▸ Task requirements
Working from the records below, repeat exactly the lines starting at the line that contains "Muscle men pack 3D Model Collection_49" and ending at the line that contains "Description automatically generated", inclusive.

▸ Available records
◇ ◇ ◇

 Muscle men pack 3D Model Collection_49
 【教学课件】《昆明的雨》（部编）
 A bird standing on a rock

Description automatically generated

◇ ◇ ◇

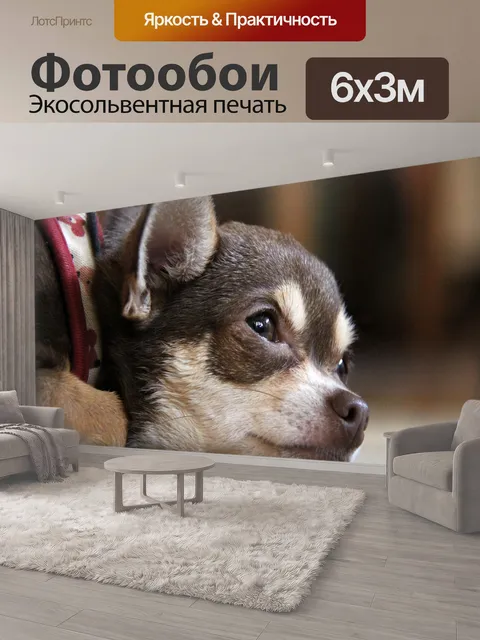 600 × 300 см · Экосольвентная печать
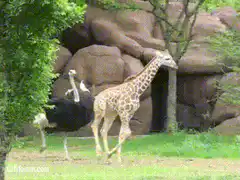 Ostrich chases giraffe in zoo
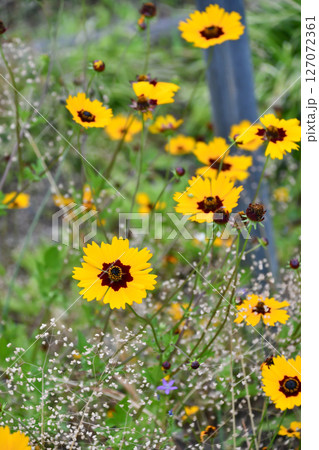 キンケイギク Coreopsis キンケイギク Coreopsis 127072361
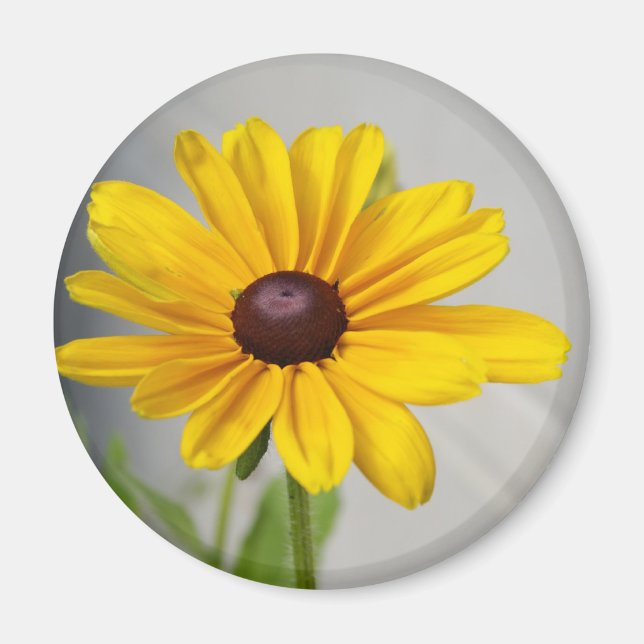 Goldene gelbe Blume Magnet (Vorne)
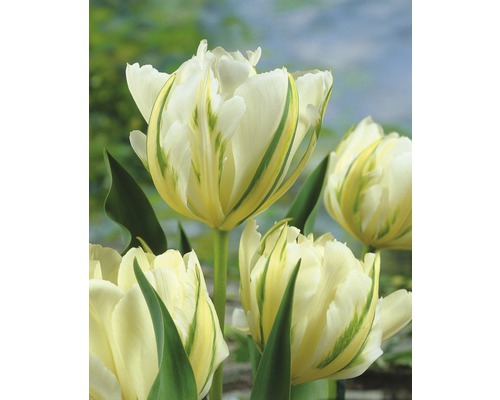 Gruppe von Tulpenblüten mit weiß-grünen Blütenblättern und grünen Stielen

◇ ◇ ◇

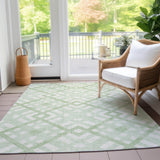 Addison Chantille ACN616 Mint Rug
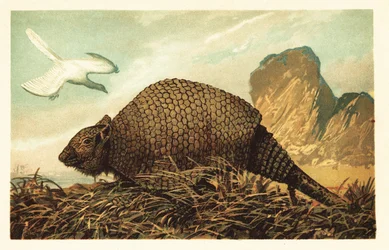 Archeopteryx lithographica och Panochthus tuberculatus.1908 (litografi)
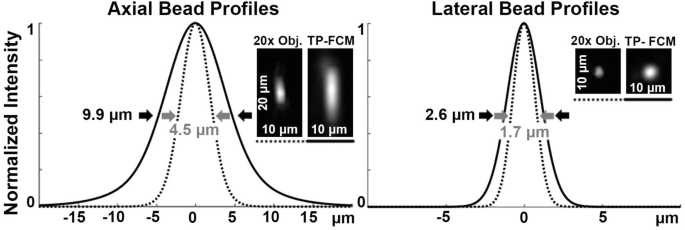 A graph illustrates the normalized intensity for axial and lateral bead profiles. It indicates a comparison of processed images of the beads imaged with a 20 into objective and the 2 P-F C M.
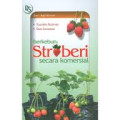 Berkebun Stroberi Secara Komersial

◇ ◇ ◇

▸ Solution for this exercise
 Muscle men pack 3D Model Collection_49
 【教学课件】《昆明的雨》（部编）
 A bird standing on a rock

Description automatically generated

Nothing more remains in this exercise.